En décembre 2001, "Lyon Mag" avait publié un portrait de Bernard Lugan, un professeur d'histoire africaine à Lyon 3 proche de l'extrême droite. Et on avait traité ce personnage assez loufoque "d'énergumène". Un terme repris un mois plus tard pour répondre à son droit de réponse. Et après 7 ans de procédure, la Cour européenne des droits de l'homme vient de donner raison à "Lyon Mag", défendu par Me Marie-Christine de Percin, pour atteinte au droit de la presse, en affirmant que le terme "énergumène" est ironique, et non injurieux.

Poursuivi pour injure publique envers un fonctionnaire, "Lyon Mag" avait été condamné à une amende et à la publication de l'arrêt car la cour d'appel de Lyon avait estimé que l'emploi du terme "énergumène" constituait une marque de mépris portant atteinte à la réputation.

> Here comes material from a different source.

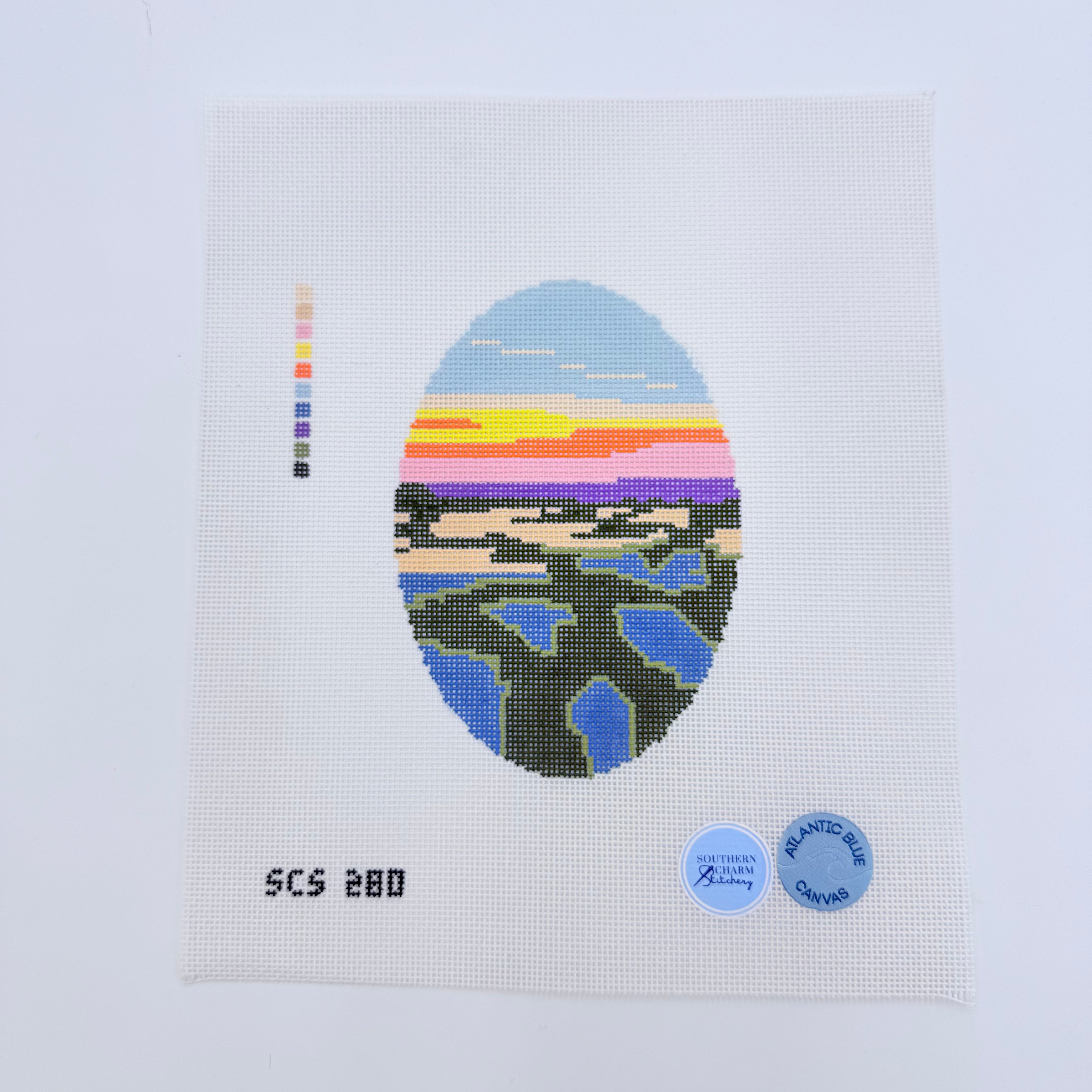 Lowcountry Marsh Oval Canvas - KC Needlepoint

Mais l'arrêt de la Cour européenne des droits de l'homme relève que si ce terme "possède incontestablement un caractère ironique, son emploi, même répété, ne saurait à lui seul et dans les circonstances de l'espèce, être considéré comme injurieux". Quant à la nécessité de protéger la fonction d'universitaire, la Cour estime qu'elle ne saurait l'emporter sur l'intérêt à communiquer et celui du public lyonnais à recevoir des informations au sujet du professeur et de ses méthodes d'enseignement.

Du coup, "Lyon Mag" a obtenu au total 13 000 euros. Une décision qui devrait faire jurisprudence.